I felt bad for not remembering her. Then I gave my head a shake and thought why should I remember her? It was 8 years ago. I had my own life at the time. Why do I always feel guilty for not remembering people AND guilty when I expect other people to remember me? What sort of inferiority complex am I dragging around?

So I have decided that I am NOT going to feel guilty about this and I am going to marvel at her ego in being so annoyed at my faulty memory.

And, if you can believe this, she has the audacity to cast snotty, derisive looks at me and be 5 months pregnant with her second child. The nerve.

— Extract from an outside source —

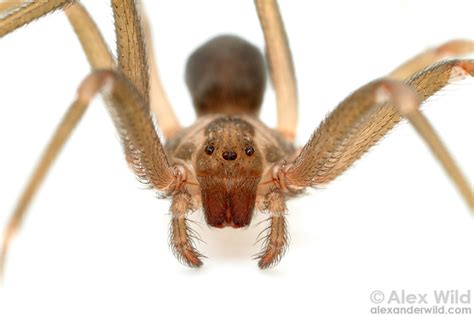 Wolf Spider Vs Brown Recluse Bite Wolf Spider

So that was slightly upsetting. But what hurt even more was remembering the person that I was when I worked there. I spent the drive home doing a little mourning for the person that I was before. I realized that I don't really want to keep going back there to visit, even to have them coo over my perfect baby. Because it just reminds me of NOT visiting 2 years ago. And makes me miss that naivete.

There is a hole in my soul. I live with it, but it doesn't let me forget it is there.

*where I met my husband and life has been sunshine and butterflies ever since... ;)

Tuesday, May 01, 2007

Spring Has Sprung



Cherry Blossoms


What I am Reading (Thanks for the recommendation, K)

So what if this is cheesing out? How often do I post photos, anyway??